Encore une fois,
Corinne Maier percute les murs de nos croyances et de nos biais, renverse la table du patriarcat, et brandit le poing pour nous embarquer dans une lutte totalement contraire à la bonne morale. Radicale, elle nous enjoint à l'égoïsme. Un égoïsme au féminin, pendant de l'égoïsme masculin dissimulé par la mauvaise foi, la mollesse trop vite excusée de ces messieurs qui se déclarent incompétents aux tâches ménagères, au soin apporté aux enfants et aux personnes agées. Si les hommes ne se sacrifient que lorsqu'ils y trouvent largement leur compte, alors les femmes doivent carrément cesser de se sacrifier tout court (puisqu'elles n'y trouvent jamais leur compte).
C'est vraiment très radical. Parfois trop, pourrait-on penser, et pourtant, j'ai l'impression que plus on tourne le curseur vers son extrémité, plus il en ressort une envie d'avancer au moins un peu dans cette direction.

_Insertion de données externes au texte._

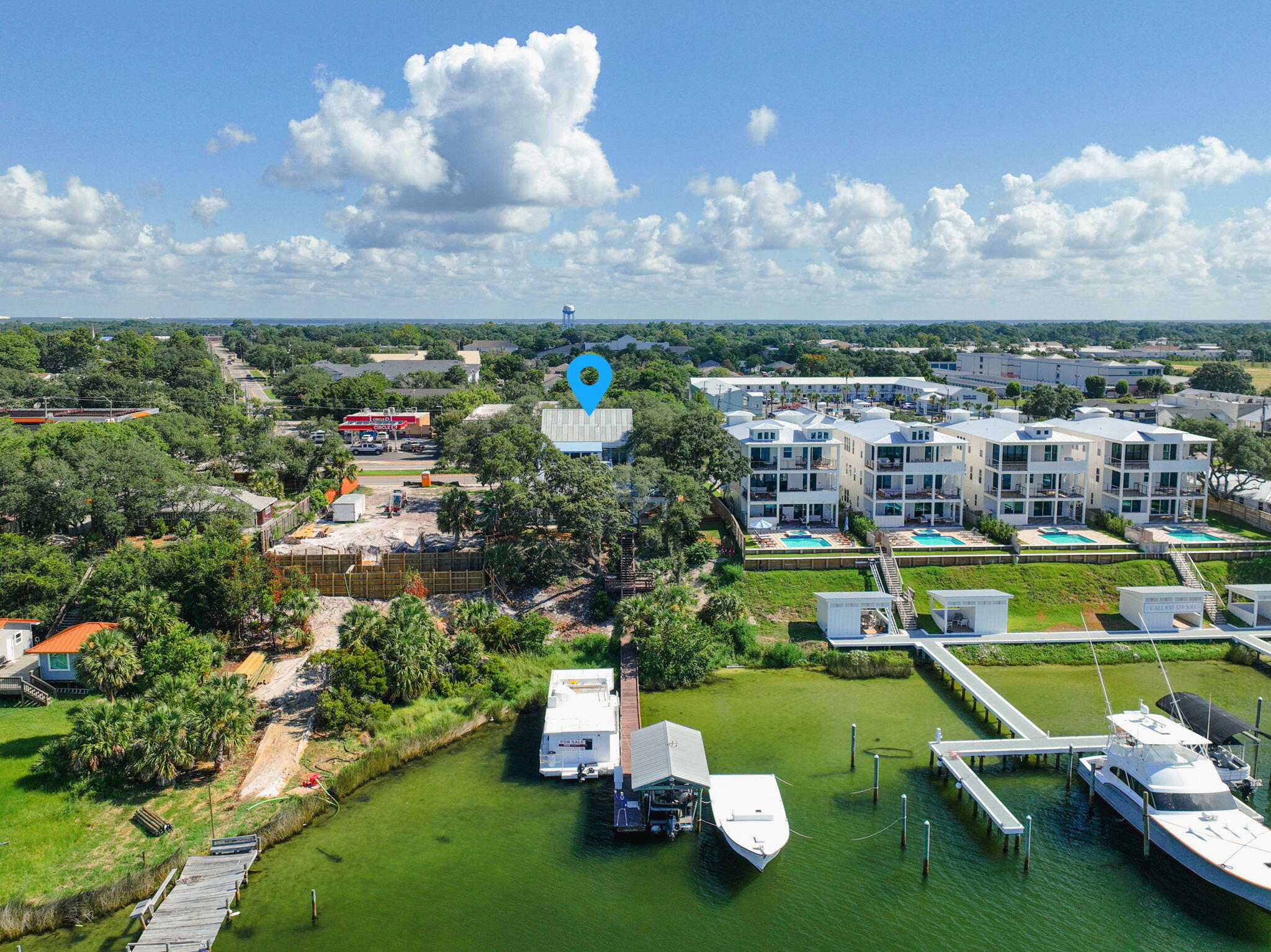 708 Harbor Boulevard
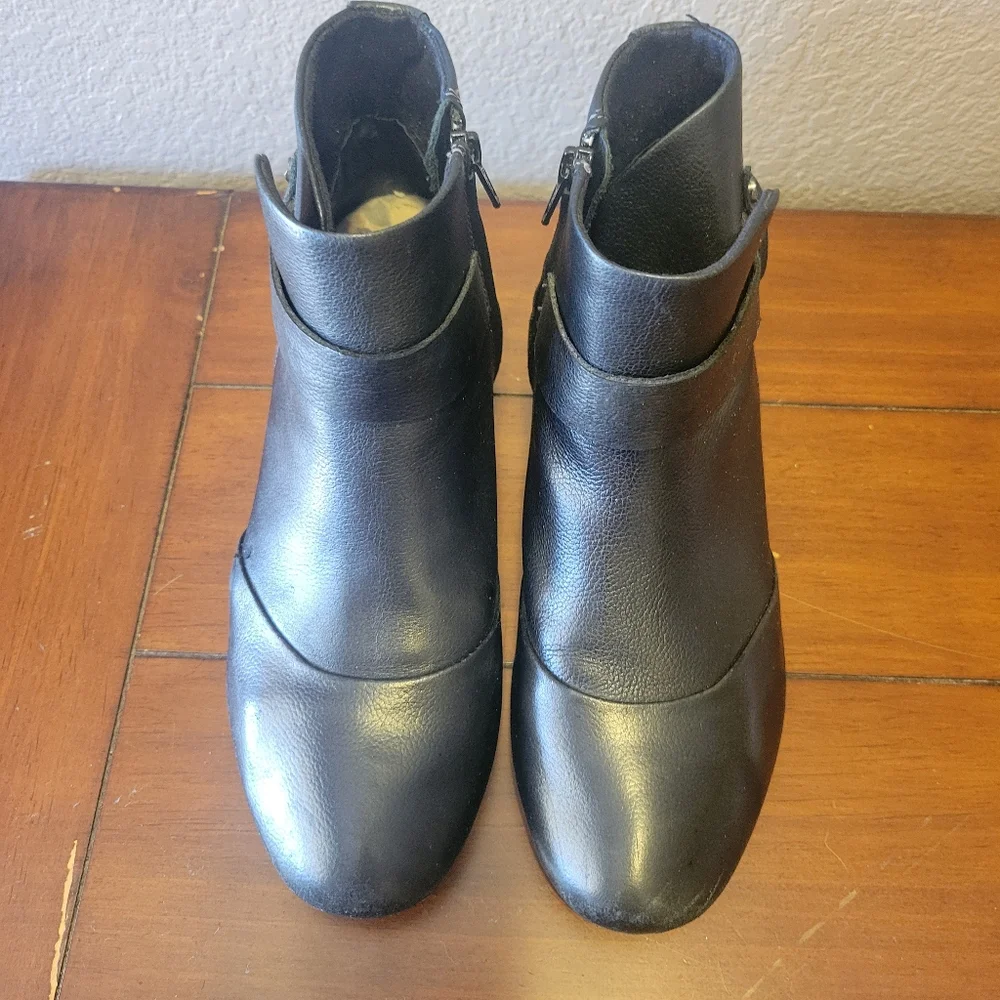 Taos Black Leather Ankle Boots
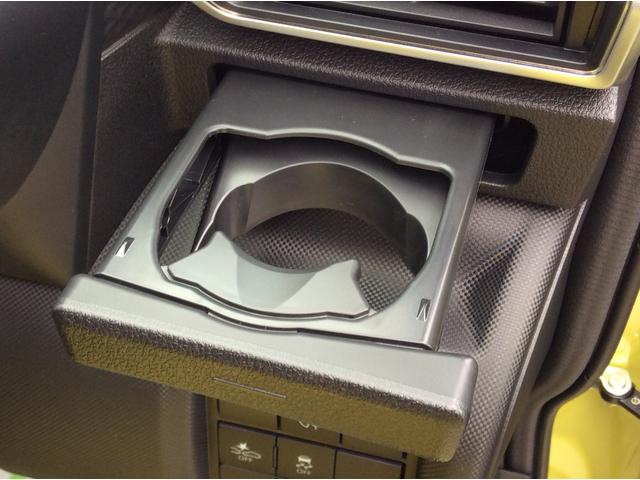 ロッキープレミアムＧ　ＨＥＶアルミホイール　スモークガラス　セキュリティアラーム　キーフリーシステム　走行距離２７３ｋｍ（福岡県）の中古車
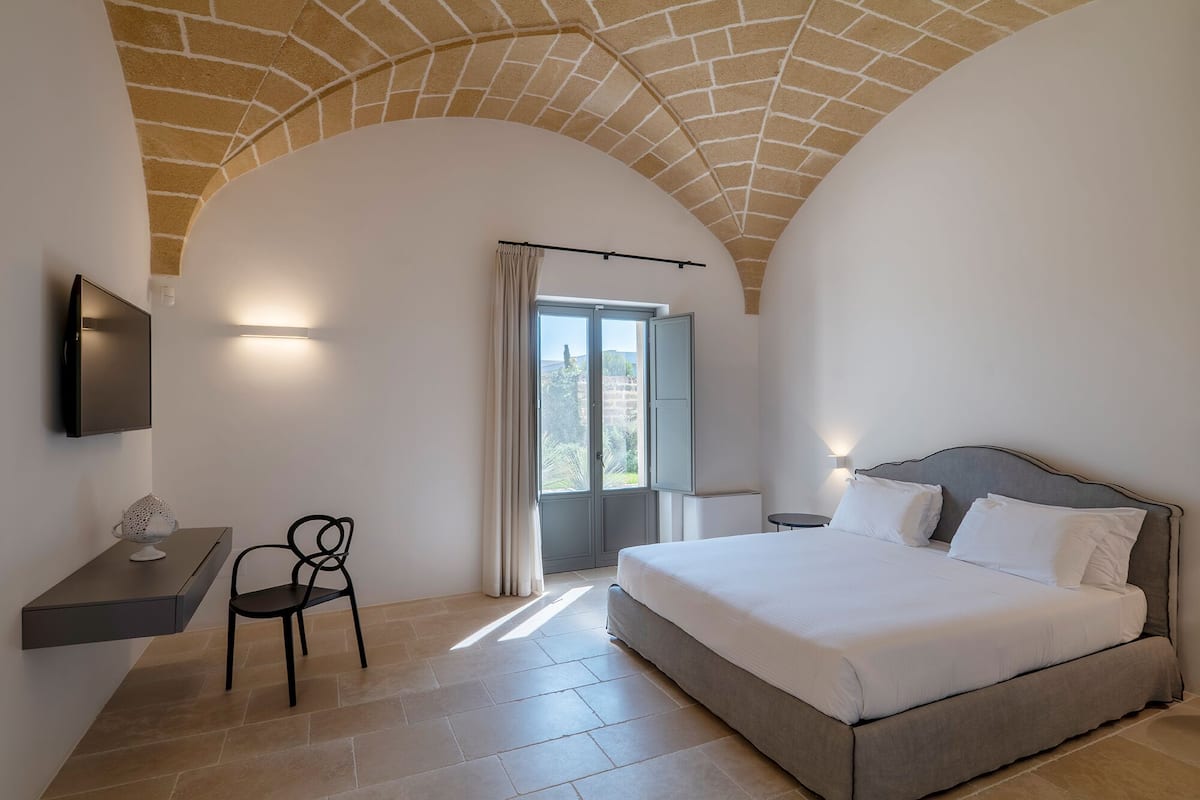 1 habitación, caja de seguridad en la habitación y escritorio
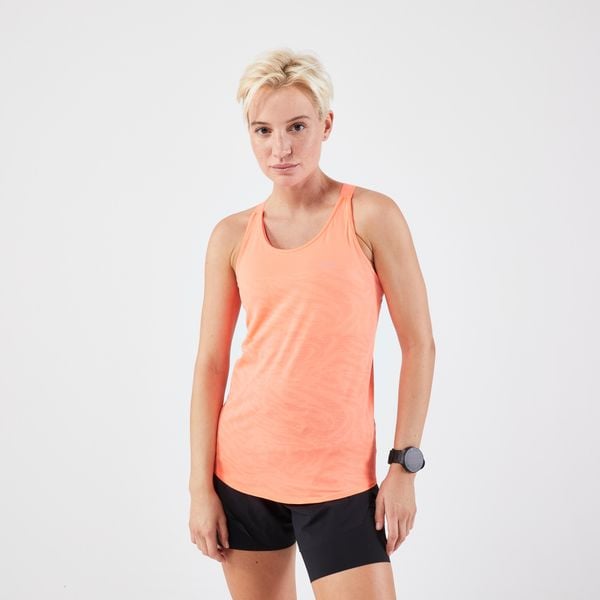Koszulka do biegania bez rękawów damska Kiprun Run 500 Comfort ze stanikiem. Brązowe koszulki sportowe damskie KIPRUN, l, bez wzorów, z materiału, bez kołnierzyka, bez ramiączek, do biegania. Za 79.99 zł.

J'ai lu ce livre la semaine dernière, et quelques jours après, un "cas pratique" s'est présenté à moi. Une amie m'a confié s'être disputée avec sa soeur. Cette dernière avait été un peu rude avec leur père, qui refuse de quitter sa maison (90 ans, veuf depuis 4 ans alors que c'est madame qui gérait tout ; "quelqu'un apporte le repas le midi, il se coupe une tomate le soir ou mange un petit quelque chose" ; j'ai supposé que le ménage est fait par une tierce personne également). Il avait la chance d'être accepté dans une zone d'habitation pour personnes âgées : une maison individuelle, possibilité de se restaurer de façon commune le midi, d'avoir des activités, et évidemment le point clé, on vérifie régulièrement si tout va bien. Mais il a estimé qu'il n'était pas suffisamment libre. La soeur de mon amie a alors asséné : d'accord, mais si un jour il y a un problème, tu finiras dans un Epahd. Et mon amie a trouvé que c'était vraiment violent de dire ça à leur vieux père, que si elle est épuisée, elle ferait mieux de quitter son mari (violences conjugales) et de mettre les points sur les i avec ses trois fils qui, bien qu'adultes et ayant fait de longues études, végètent encore sous leur toit (avec elle qui fait tout, bien sûr, alors qu'elle travaille).
Le manifeste de
Corinne Maier m'a tout à coup semblé beaucoup moins radical. J'ai demandé à mon amie pourquoi, selon elle, elle supportait mieux l'égoïsme de son père que celui de sa soeur, pourquoi elle ne trouvait pas son refus à lui violent, et elle a un peu écarquillé les yeux.
Je ne vais pas développer sur cette histoire familiale, mais j'encourage tout le monde à lire les livres de
Corinne Maier, voilà des ouvrages qui ne laissent pas indifférents.
L'étoile en moins, c'est parce que j'ai trouvé que les femmes étaient davantage confrontées les unes aux autres, au final, qu'aux hommes. Les mères entre elles, les filles avec leurs mères, par exemple. Selon moi, l'idée d'un égoïsme au féminin est un moyen d'ouvrir les yeux sur nos biais concernant l'égoïsme au masculin : on trouve certains comportement normaux ou "habituels, typiques" quand ils sont réalisés par des hommes, en soupirant "ah, les hommes", mais on n'attribue pas systématiquement ces comportements à leur égoïsme. Par conséquent, appuyer un peu fort sur certains comportements des autres mères et de la notre, de mère, sans insister sur le fait que ces comportements sont dus au contexte sexiste, aux injonctions, et sans pointer vraiment vers ce que les hommes font dans pareil contexte, c'est à mon avis le petit défaut récurrent de cet essai.
Je recommande également l'excellent No Kid, 40 raisons de ne pas avoir d'enfant (même si vous en avez déjà et que vous les aimez et tout et tout ^^) de la même autrice. Là aussi elle pousse le curseur et ça nous incite à ouvrir les yeux et à placer le curseur là où on veut vraiment.